The cakes are made from pastry dough, either cakey, flaky, or somewhere in between, surrounding a sweet filling of lotus seed paste, sweet bean paste, chopped nuts, or dried fruits. Some boast a salted duck egg yolk at the center to symbolize the full harvest moon. Mooncakes, which are usually given as gifts to family, friends, and associates, have been eaten in China for centuries: one legend has it that in the 14th century, they were even used as a tool to foment rebellion—the Han Chinese are said to have hidden messages in mooncakes urging their compatriots to join a rebellion against their Mongol rulers.

In the last few years, however, new, innovative versions of these traditional sweets have come from an unlikely source: American chain stores. Haagen Dazs, Dairy Queen, TCBY, and Starbucks have all introduced their own twists on this holiday tradition to their Chinese stores to tremendous demand. In the past few years, Haagen Dazs' chocolate-covered ice cream mooncakes and Starbucks' versions (which come in flavors like green tea-toffee-cheesecake and espresso-milk chocolate) have become wildly popular among the country's young, upwardly mobile consumers in cities like Shanghai and Beijing.

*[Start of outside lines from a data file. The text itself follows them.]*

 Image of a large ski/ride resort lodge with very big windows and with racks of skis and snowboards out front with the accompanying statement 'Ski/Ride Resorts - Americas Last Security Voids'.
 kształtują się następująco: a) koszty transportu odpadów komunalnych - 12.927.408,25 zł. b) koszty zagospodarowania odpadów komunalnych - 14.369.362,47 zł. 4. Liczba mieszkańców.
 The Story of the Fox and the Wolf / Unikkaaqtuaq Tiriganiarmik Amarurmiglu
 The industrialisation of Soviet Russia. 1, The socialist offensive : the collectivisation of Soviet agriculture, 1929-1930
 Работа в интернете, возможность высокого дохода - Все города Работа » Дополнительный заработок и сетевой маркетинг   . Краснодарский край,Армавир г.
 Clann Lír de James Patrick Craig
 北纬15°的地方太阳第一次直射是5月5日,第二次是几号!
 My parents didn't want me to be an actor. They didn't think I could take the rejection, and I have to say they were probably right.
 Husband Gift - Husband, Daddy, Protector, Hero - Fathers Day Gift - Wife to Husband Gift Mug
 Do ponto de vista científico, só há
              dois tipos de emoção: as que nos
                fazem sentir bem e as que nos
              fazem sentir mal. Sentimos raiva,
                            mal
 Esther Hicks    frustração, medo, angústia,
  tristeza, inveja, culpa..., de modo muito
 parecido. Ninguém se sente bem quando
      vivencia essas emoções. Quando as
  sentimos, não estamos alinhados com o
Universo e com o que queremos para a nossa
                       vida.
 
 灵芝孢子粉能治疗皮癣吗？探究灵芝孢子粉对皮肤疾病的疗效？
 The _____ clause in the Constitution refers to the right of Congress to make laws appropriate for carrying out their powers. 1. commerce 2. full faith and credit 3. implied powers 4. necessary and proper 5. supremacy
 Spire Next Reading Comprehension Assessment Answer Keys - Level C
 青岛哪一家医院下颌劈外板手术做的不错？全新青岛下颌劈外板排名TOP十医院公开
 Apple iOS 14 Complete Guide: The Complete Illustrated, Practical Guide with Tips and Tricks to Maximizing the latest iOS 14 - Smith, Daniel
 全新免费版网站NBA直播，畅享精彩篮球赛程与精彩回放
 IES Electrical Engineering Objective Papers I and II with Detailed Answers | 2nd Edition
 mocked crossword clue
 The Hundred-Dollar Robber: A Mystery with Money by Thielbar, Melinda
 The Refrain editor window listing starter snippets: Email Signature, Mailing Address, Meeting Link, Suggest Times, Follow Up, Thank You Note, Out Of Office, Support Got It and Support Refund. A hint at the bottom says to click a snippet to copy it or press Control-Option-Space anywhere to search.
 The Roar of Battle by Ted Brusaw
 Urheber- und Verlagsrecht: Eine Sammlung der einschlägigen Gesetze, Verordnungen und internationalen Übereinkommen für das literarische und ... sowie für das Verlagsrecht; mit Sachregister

To Americans, this may seem like an ironic turn of events. Mooncakes are not as popular in Chinese-American communities as they are back on the mainland; many people think of them as similar to Christmas fruitcakes— a necessary holiday tradition but a boring food at best. But the new versions that are springing up are surprisingly good. Perhaps, if we're lucky, the companies that are revolutionizing the market for mooncakes in China will decide to bring their creations back to the U.S. market, so that American consumers of all stripes can learn to love these festive Chinese treats.

Georgia Freedman is a freelance writer living in China. She is a contributing editor to SAVEUR.